Infine, ma non ultimo, viene sancito l’impegno comune a favorire la crescita, mediante misure, ancora da mettere “nero su bianco”, indirizzate soprattutto all’occupazione giovanile, a completare il mercato unico, a sostenere le piccole e medie imprese (per ragioni di ordine parlamentare, il primo ministro svedese non ha potuto per il momento porre la sua firma in calce a questo documento). Anche in tal caso c’è un rimando al summit di marzo per la stesura delle linee guida nazionali al fine di applicare tali principi alle realtà di ciascun Paese membro. Una nota a margine riguarda, in questo caso, il miglior utilizzo, o il “riorientamento”, dei fondi comunitari per la coesione, lo sviluppo territoriale, la formazione e l’istruzione.
Quasi a giustificare gli impegni sul fronte della crescita, è stato definito un preambolo che suona così: «Sono state assunte decisioni per assicurare la stabilità finanziaria e il risanamento di bilancio, condizione necessaria per tornare a un livello più elevato di crescita strutturale e occupazione. Ma la cosa non è in sé sufficiente: dobbiamo modernizzare le nostre economie e rafforzare la nostra competitività per assicurare una crescita sostenibile». Una scelta, quella del Consiglio europeo, «essenziale per creare posti di lavoro e preservare i nostri modelli sociali». Tali sforzi «devono essere compiuti in stretta cooperazione con le parti sociali, nel rispetto dei sistemi nazionali degli Stati membri». Crescita e occupazione, si legge in questo documento, «riprenderanno solo se seguiremo un approccio coerente e ampio, combinando un risanamento di bilancio intelligente che preservi l’investimento nella crescita futura, politiche macroeconomiche sane e una strategia attiva per l’occupazione che difenda la coesione sociale».

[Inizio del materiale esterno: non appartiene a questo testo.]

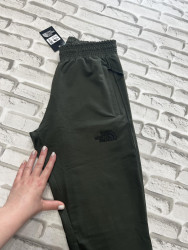 Спортивні штани чоловічі (khaki) оптом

A ben vedere, il summit ha voluto sancire alcuni atteggiamenti virtuosi che ogni Paese dovrebbe normalmente perseguire, accostando conti pubblici sani e investimenti di medio-lungo periodo per favorire lo sviluppo dell’economia di mercato e il lavoro in un contesto di forte competizione internazionale. Ora si tratta di passare – come hanno ribadito praticamente tutti i leader – dalle parole ai fatti. Rimane comunque il risultato di una rinnovata – ma ancora fragile – intesa politica che, messa a dura prova dalla recessione e dal debito sovrano, è l’unica strada possibile per costruire l’Europa.